_Aim of the task:_
Find the line in the entries below that contains "Fremhævet spisestue billede". Repeat it exactly, and every line after it through the line that contains "ویدیو پروژکتور لیزری".

_Data extracts:_

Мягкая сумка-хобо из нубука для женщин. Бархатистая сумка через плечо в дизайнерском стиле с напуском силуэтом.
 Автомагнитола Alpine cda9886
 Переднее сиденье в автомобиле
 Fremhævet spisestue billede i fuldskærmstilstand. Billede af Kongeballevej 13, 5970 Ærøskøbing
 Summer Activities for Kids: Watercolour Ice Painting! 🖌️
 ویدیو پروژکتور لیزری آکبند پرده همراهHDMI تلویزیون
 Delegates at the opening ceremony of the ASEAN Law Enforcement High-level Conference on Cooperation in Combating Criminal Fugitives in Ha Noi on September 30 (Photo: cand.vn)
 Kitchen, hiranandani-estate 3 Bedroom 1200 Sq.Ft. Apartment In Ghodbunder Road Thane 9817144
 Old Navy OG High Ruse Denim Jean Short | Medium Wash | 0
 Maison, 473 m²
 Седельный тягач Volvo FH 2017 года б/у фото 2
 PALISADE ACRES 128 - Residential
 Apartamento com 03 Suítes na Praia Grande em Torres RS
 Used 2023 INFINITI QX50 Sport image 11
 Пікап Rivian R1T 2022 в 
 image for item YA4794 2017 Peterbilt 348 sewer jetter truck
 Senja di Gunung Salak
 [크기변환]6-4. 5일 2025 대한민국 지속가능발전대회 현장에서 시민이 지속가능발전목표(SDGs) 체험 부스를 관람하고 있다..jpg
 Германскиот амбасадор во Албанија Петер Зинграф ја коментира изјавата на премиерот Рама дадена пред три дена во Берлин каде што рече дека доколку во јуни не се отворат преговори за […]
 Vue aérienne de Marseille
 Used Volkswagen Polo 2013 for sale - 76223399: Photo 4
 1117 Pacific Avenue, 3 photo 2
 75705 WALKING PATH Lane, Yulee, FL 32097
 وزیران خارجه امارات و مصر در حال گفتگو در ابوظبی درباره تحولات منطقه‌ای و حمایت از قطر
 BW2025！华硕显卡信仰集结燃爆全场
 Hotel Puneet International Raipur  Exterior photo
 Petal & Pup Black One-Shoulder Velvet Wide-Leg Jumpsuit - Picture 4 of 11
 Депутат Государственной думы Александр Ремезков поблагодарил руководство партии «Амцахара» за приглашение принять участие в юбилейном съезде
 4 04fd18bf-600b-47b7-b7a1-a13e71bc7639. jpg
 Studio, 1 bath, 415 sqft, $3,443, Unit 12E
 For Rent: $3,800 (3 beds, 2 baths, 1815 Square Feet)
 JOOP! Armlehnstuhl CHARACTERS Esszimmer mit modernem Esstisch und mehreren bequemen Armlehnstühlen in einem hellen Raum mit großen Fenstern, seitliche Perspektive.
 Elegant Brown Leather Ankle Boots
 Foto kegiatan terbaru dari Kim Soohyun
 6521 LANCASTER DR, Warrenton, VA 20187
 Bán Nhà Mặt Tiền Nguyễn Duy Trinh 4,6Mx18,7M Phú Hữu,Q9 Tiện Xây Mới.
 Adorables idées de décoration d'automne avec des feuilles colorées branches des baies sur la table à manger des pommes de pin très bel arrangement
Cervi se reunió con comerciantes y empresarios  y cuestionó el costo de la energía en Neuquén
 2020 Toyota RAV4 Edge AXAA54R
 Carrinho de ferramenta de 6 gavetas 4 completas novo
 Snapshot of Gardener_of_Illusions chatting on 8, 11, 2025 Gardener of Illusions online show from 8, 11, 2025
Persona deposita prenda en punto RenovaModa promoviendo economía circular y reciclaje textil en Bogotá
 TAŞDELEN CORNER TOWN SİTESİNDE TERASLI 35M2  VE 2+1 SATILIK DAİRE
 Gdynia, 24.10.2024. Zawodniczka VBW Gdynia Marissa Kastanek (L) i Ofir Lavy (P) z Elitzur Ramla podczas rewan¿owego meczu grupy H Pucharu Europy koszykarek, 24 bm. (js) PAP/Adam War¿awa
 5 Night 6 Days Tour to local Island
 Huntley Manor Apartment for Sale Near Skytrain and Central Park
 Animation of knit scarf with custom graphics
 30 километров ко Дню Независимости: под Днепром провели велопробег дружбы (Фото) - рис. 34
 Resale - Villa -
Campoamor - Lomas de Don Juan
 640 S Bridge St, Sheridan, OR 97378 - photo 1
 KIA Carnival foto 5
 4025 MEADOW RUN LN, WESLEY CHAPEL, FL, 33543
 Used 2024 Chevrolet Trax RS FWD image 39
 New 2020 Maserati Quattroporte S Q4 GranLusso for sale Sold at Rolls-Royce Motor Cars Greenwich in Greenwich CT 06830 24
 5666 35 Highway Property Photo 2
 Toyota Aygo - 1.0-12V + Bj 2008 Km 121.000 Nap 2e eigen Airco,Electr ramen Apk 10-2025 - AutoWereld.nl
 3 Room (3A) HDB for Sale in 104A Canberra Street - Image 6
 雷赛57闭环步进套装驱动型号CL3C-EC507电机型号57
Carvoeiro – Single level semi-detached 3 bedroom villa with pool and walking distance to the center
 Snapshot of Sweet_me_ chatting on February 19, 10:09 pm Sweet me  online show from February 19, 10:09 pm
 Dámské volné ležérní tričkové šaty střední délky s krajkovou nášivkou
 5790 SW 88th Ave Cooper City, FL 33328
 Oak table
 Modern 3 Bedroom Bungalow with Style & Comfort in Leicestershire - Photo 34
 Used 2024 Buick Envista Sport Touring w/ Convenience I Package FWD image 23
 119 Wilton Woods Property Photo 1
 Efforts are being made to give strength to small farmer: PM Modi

_Your solution:_
 Fremhævet spisestue billede i fuldskærmstilstand. Billede af Kongeballevej 13, 5970 Ærøskøbing
 Summer Activities for Kids: Watercolour Ice Painting! 🖌️
 ویدیو پروژکتور لیزری آکبند پرده همراهHDMI تلویزیون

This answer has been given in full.